> [Your instructions]:
In full and without change, transcribe the records below.

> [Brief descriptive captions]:

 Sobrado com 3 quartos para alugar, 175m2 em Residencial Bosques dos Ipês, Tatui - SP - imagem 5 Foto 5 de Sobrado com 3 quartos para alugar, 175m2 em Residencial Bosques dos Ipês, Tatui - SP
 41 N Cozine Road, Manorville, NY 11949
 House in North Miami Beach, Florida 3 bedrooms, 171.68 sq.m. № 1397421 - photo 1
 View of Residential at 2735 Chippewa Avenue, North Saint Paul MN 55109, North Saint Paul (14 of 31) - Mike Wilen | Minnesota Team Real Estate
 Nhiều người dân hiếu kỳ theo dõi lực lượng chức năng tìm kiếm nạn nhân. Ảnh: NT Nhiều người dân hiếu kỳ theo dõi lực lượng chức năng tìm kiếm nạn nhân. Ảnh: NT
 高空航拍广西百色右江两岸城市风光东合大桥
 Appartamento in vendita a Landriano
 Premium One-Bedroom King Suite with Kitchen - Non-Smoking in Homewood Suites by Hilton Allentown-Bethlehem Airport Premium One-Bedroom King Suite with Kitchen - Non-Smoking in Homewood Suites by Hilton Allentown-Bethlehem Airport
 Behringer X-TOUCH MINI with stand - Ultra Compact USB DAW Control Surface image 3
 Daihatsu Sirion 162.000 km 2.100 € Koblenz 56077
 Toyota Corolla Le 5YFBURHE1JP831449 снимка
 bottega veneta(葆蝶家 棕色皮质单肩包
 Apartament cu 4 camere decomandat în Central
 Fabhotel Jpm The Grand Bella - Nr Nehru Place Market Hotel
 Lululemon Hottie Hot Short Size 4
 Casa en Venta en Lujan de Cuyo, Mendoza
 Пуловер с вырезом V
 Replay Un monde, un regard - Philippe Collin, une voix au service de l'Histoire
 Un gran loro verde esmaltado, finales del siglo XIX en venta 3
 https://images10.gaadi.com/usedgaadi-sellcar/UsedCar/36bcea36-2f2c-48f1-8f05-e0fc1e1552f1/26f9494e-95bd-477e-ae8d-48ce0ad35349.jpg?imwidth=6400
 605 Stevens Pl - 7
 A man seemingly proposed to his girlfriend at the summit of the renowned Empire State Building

> [Output below]:
 Sobrado com 3 quartos para alugar, 175m2 em Residencial Bosques dos Ipês, Tatui - SP - imagem 5 Foto 5 de Sobrado com 3 quartos para alugar, 175m2 em Residencial Bosques dos Ipês, Tatui - SP
 41 N Cozine Road, Manorville, NY 11949
 House in North Miami Beach, Florida 3 bedrooms, 171.68 sq.m. № 1397421 - photo 1
 View of Residential at 2735 Chippewa Avenue, North Saint Paul MN 55109, North Saint Paul (14 of 31) - Mike Wilen | Minnesota Team Real Estate
 Nhiều người dân hiếu kỳ theo dõi lực lượng chức năng tìm kiếm nạn nhân. Ảnh: NT Nhiều người dân hiếu kỳ theo dõi lực lượng chức năng tìm kiếm nạn nhân. Ảnh: NT
 高空航拍广西百色右江两岸城市风光东合大桥
 Appartamento in vendita a Landriano
 Premium One-Bedroom King Suite with Kitchen - Non-Smoking in Homewood Suites by Hilton Allentown-Bethlehem Airport Premium One-Bedroom King Suite with Kitchen - Non-Smoking in Homewood Suites by Hilton Allentown-Bethlehem Airport
 Behringer X-TOUCH MINI with stand - Ultra Compact USB DAW Control Surface image 3
 Daihatsu Sirion 162.000 km 2.100 € Koblenz 56077
 Toyota Corolla Le 5YFBURHE1JP831449 снимка
 bottega veneta(葆蝶家 棕色皮质单肩包
 Apartament cu 4 camere decomandat în Central
 Fabhotel Jpm The Grand Bella - Nr Nehru Place Market Hotel
 Lululemon Hottie Hot Short Size 4
 Casa en Venta en Lujan de Cuyo, Mendoza
 Пуловер с вырезом V
 Replay Un monde, un regard - Philippe Collin, une voix au service de l'Histoire
 Un gran loro verde esmaltado, finales del siglo XIX en venta 3
 https://images10.gaadi.com/usedgaadi-sellcar/UsedCar/36bcea36-2f2c-48f1-8f05-e0fc1e1552f1/26f9494e-95bd-477e-ae8d-48ce0ad35349.jpg?imwidth=6400
 605 Stevens Pl - 7
 A man seemingly proposed to his girlfriend at the summit of the renowned Empire State Building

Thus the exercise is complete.